Unfortunately that is usually not the case, and as the database scales the data becomes cumbersome to search effectively.

Let's take a look at how such a list is commonly used, how it has to be searched and what can be done to rectify this. We will use this as one of many steps towards database normalization as well as becoming a useful tool in your arsenal as a developer.

We'll use a very basic real estate example with a listing of property addresses and a list of property assets that would be commonly searched on when shopping for a new home.

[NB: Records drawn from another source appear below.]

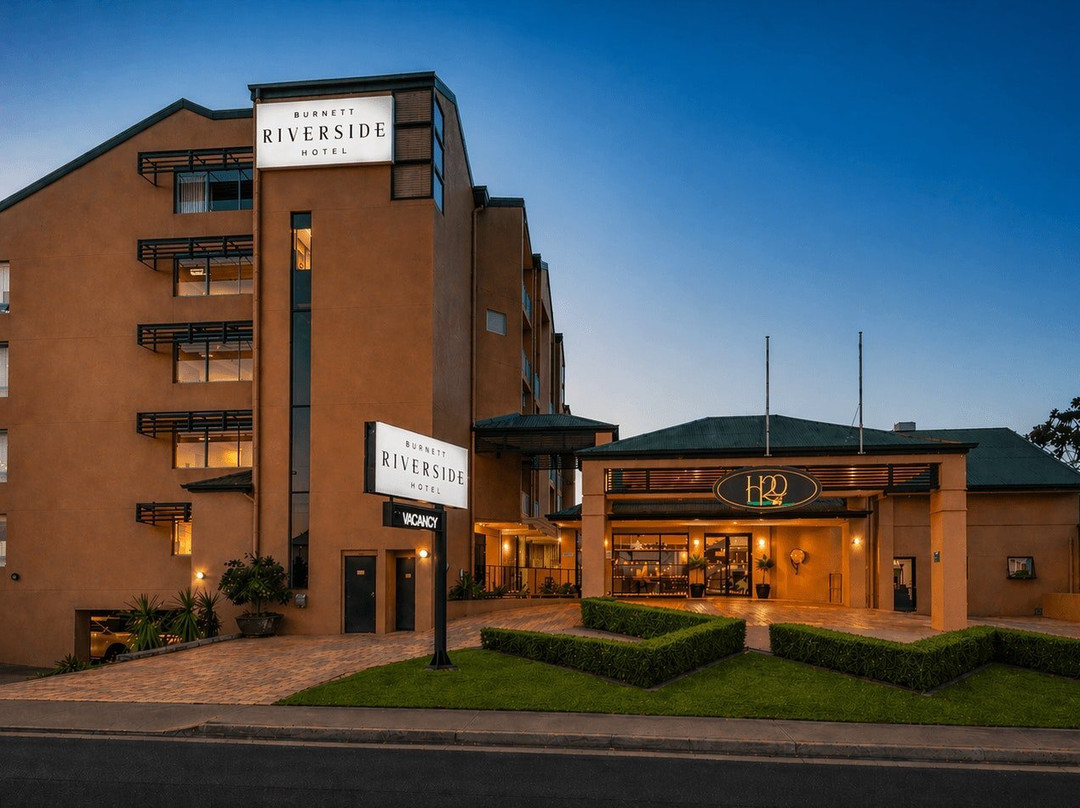 邦德堡酒店住宿-Burnett Riverside Hotel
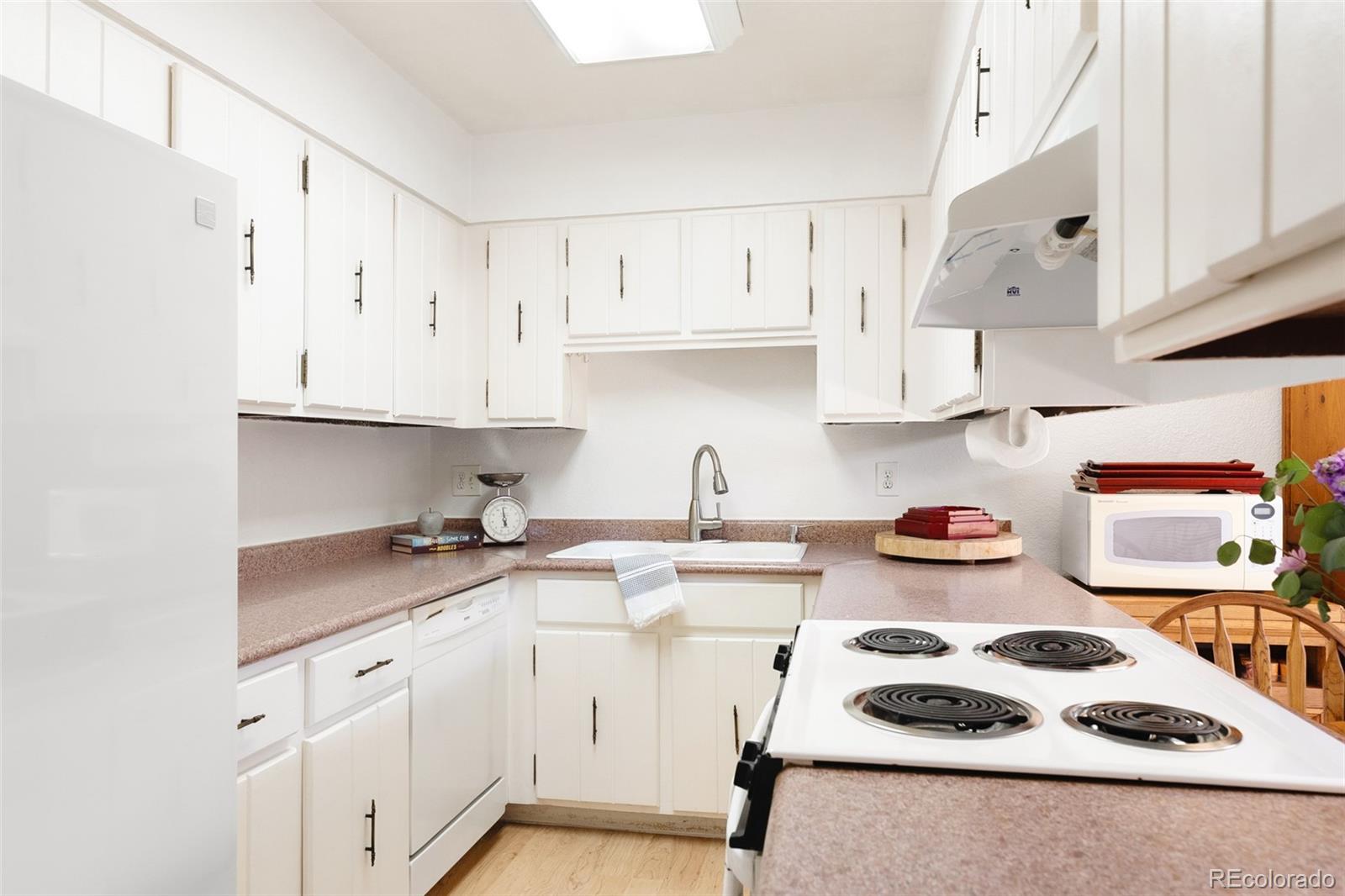 MLS Image #8 for 6495 e happy canyon road,denver, Colorado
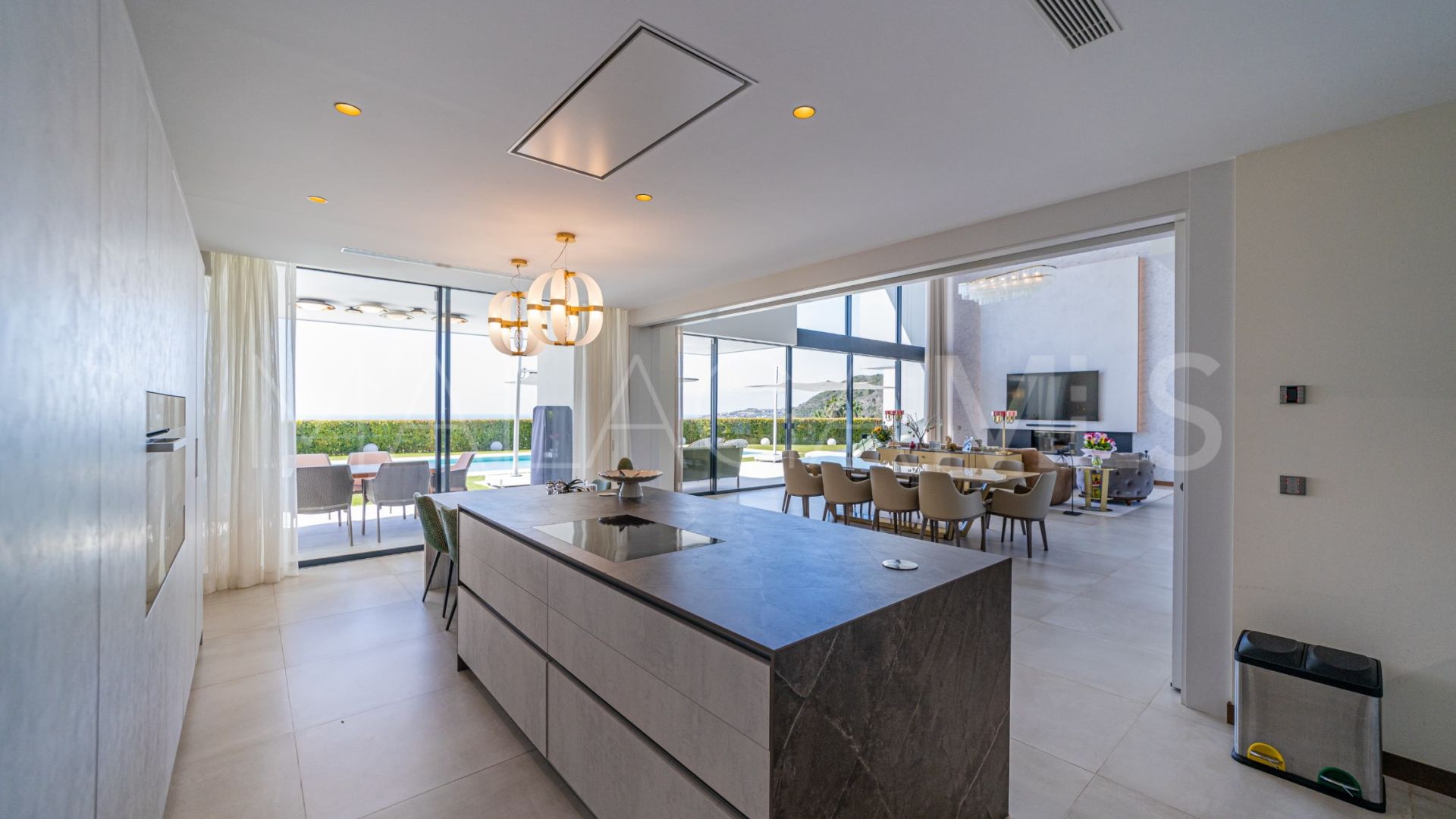Villa for sale in Los Arqueros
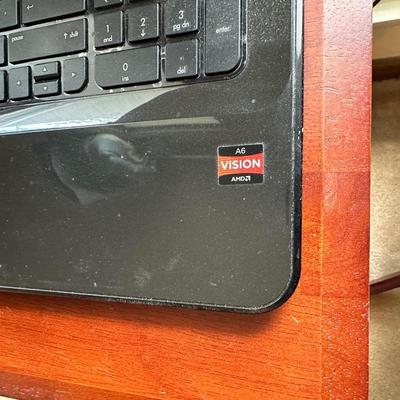 SIGNIA MINI POCKET AND A HP LAPTOP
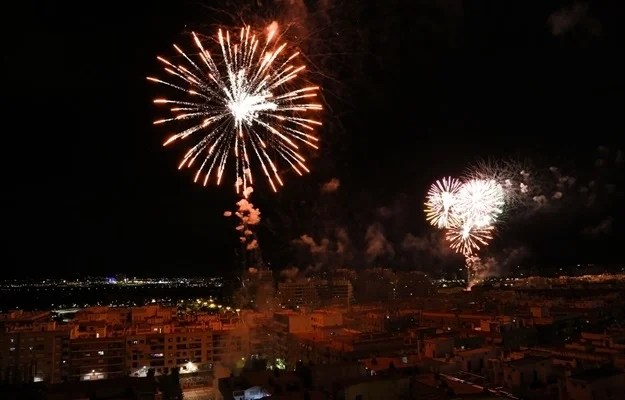 Mislata il·lumina la seua nit amb la disparada de huit castells de focs artificials simultanis 1 mg 8569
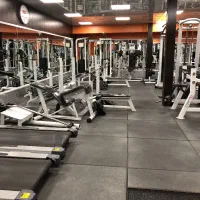 منشی ، خدمات و نظافت باشگاه بدنسازی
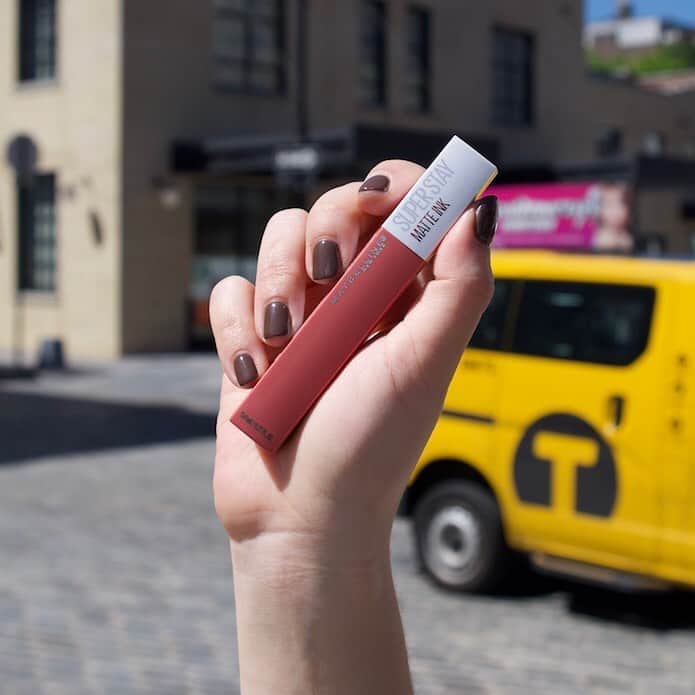 Maybelline New Yorkさんのインスタグラム写真 - (Maybelline New YorkInstagram)「Raise your hand 🙋‍♀️if you're wearing #superstaymatteink today! Shade shown here: 'self-starter'.」7月22日 21時43分 - maybelline
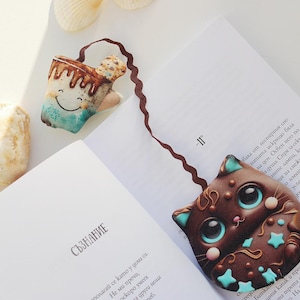 Cute Chocolate Cat Fabric Bookmark, Handmade Plush Kawaii Cat, Gift for Book Lovers, Fun Reading Accessory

First we will create a table and for the sake of brevity eliminate a number of common items.

create table properties (
property_id int auto_increment primary key,
address varchar(50),
assets text);

Now let's fill that table with data, using a comma separated list of values under the assets for each property:

insert into properties values
(1, '82 Fairington', 'pool,fireplace,side-split,garage,4 bedrooms,3 bathrooms,34 yrs old'),
(2, '10 Primrose','fireplace,two storey,garage,3 bedrooms,3 bathrooms,21 yrs old'),
(3, '2 Frontenac','carport,3 bedrooms,2 bathrooms,45 yrs old,bungalow'),
(4, '786 Ossington','3 bedrooms,1 bathrooms,100 yrs old,two storey');

Retrieving all the data isn't difficult of course, a simple select statement will take care of that:

select
property_id,
address,
assets
from properties
\G

*************************** 1. row ***************************
property_id: 1
    address: 82 Fairington
     assets: pool,fireplace,side-split,garage,4 bedrooms,3 bathrooms,34 yrs old
*************************** 2. row ***************************
property_id: 2
    address: 10 Primrose
     assets: fireplace,two storey,garage,3 bedrooms,3 bathrooms,21 yrs old
*************************** 3. row ***************************
property_id: 3
    address: 2 Frontenac
     assets: carport,3 bedrooms,2 bathrooms,45 yrs old,bungalow
*************************** 4. row ***************************
property_id: 4
    address: 786 Ossington
     assets: 3 bedrooms,1 bathrooms,100 yrs old,two storey
4 rows in set (0.00 sec)

But how about searching on the data? lets return all properties with 2 bathrooms.

select
property_id,
address,
assets
from properties
where assets like '%2 bathrooms%'
\G

*************************** 1. row ***************************
property_id: 3
    address: 2 Frontenac
     assets: carport,3 bedrooms,2 bathrooms,45 yrs old,bungalow
1 row in set (0.47 sec)

The result is the one property meeting the requirement of 2 bathrooms.

Even in the simplest search we have to use a like clause and, making the situation worse, because we don't know where in the list of assets the search term might occur we have to precede our search term with %.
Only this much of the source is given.